We know Henry Wadsworth Longfellow as one of America’s greatest poets. We don’t think of him as the writer of a familiar Christmas carol. The story begins in 1861, in the early days of the Civil War. Tragedy struck that year when Fanny Longfellow, Henry’s wife, was fatally burned in an accident at home on July 9th. She died the next day. The first Christmas after her death, Longfellow wrote, “How inexpressibly sad are all holidays.” A year after the incident, he wrote, “I can make no record of these days. Better leave them wrapped in silence. Perhaps someday God will give me peace.”
Let’s shift the scene to December 1864. After four bloody years, the Civil War is slowly drawing to a close. Already 500,000 soldiers have died. Many more would die before the war would end. On Christmas Day, Henry Wadsworth Longfellow penned a poem that became a beloved Christmas carol. It starts with these hopeful words:
I heard the bells on Christmas Day
Their old, familiar carols play,
And wild and sweet
The words repeat
Of peace on earth, good will to men!
Out of his sadness and in response to the carnage of war, he wrote this pessimistic verse:
And in despair I bowed my head;
“There is no peace on earth,” I said;
“For hate is strong,
And mocks the song
Of peace on earth, good-will to men!”
Lately those words have seemed all too true. Hate is strong. Where is our hope at Christmastime? That leads us to this answer:
Then pealed the bells more loud and deep:
'God is not dead, nor doth He sleep;
The wrong shall fail, the right prevail
With peace on earth, good will to men.'
If Christmas means anything, it is this: God wins in the end. At Bethlehem he launched a mighty counteroffensive that continues to this very day. It all started with a tiny baby boy named Jesus, born in a scandalous way, in a barn, to unmarried teenagers who were homeless and alone. The world knew nothing about what was happening in Bethlehem. Only in retrospect do we understand.
At Bethlehem God struck a blow to liberate the world from sin and death. And his front line soldier was a tiny baby boy.
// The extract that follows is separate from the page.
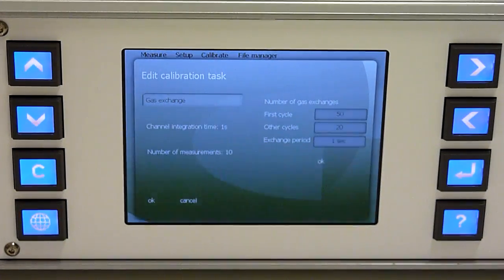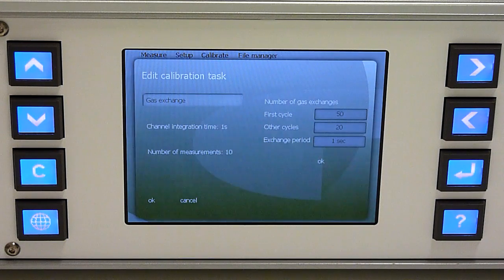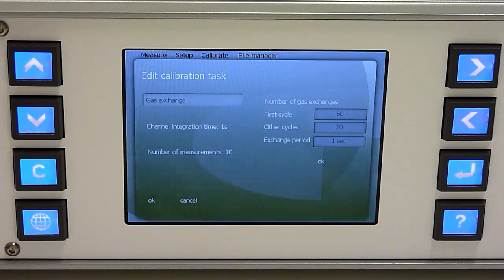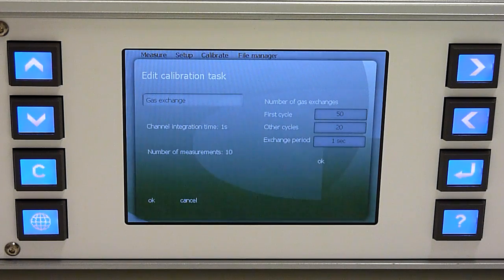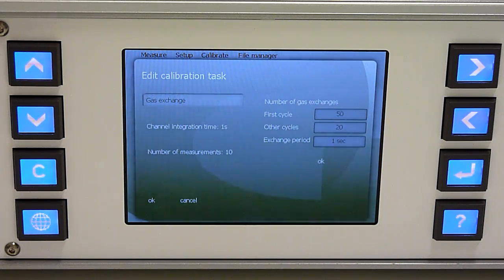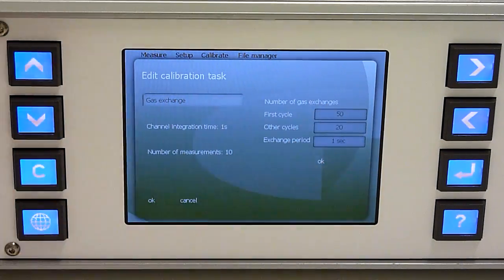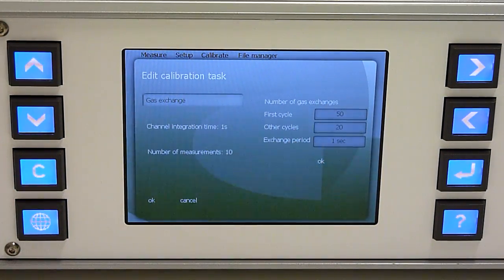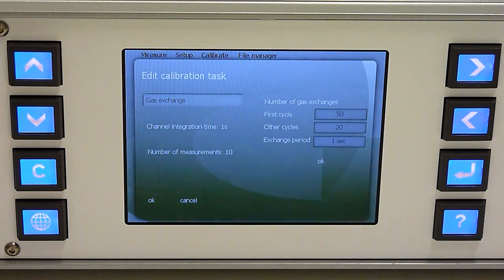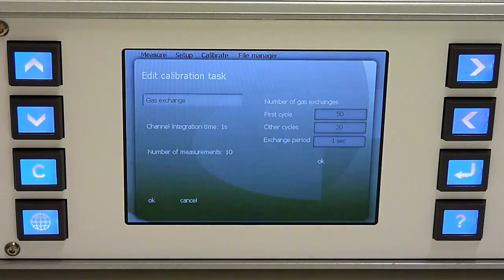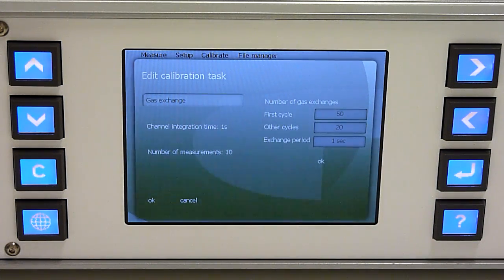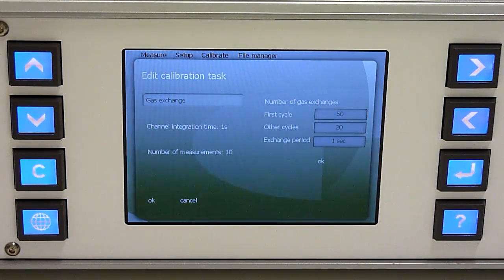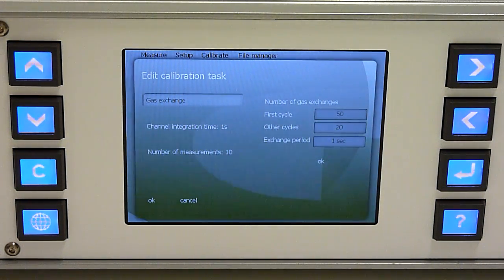Calibration task definitions are quite similar to the definitions for the measurement task. Here it is important to set excess parameters for gas exchange because during the calibration it's very important to completely flush the gas cell with fresh sample of the calibration gas before running the calibration.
Don’t take him for granted. In this little baby there is all the strength of Deity. The power of God is in those tiny fists. He has divine strength. Whatever he desires, he can do.
He leads the armies of heaven.
Longfellow was right.
“The wrong shall fail, the right prevail.
With peace on earth, good will to men.”
I found a version of I Heard the Bells performed to a background of Civil War scenes. Let’s listen to it together.
Our Father, how desperately this broken world needs peace. Hate is so strong. We thank you for Jesus, the Prince of Peace. Grant that we might be peacemakers and not peace-breakers. In Jesus’ name, Amen.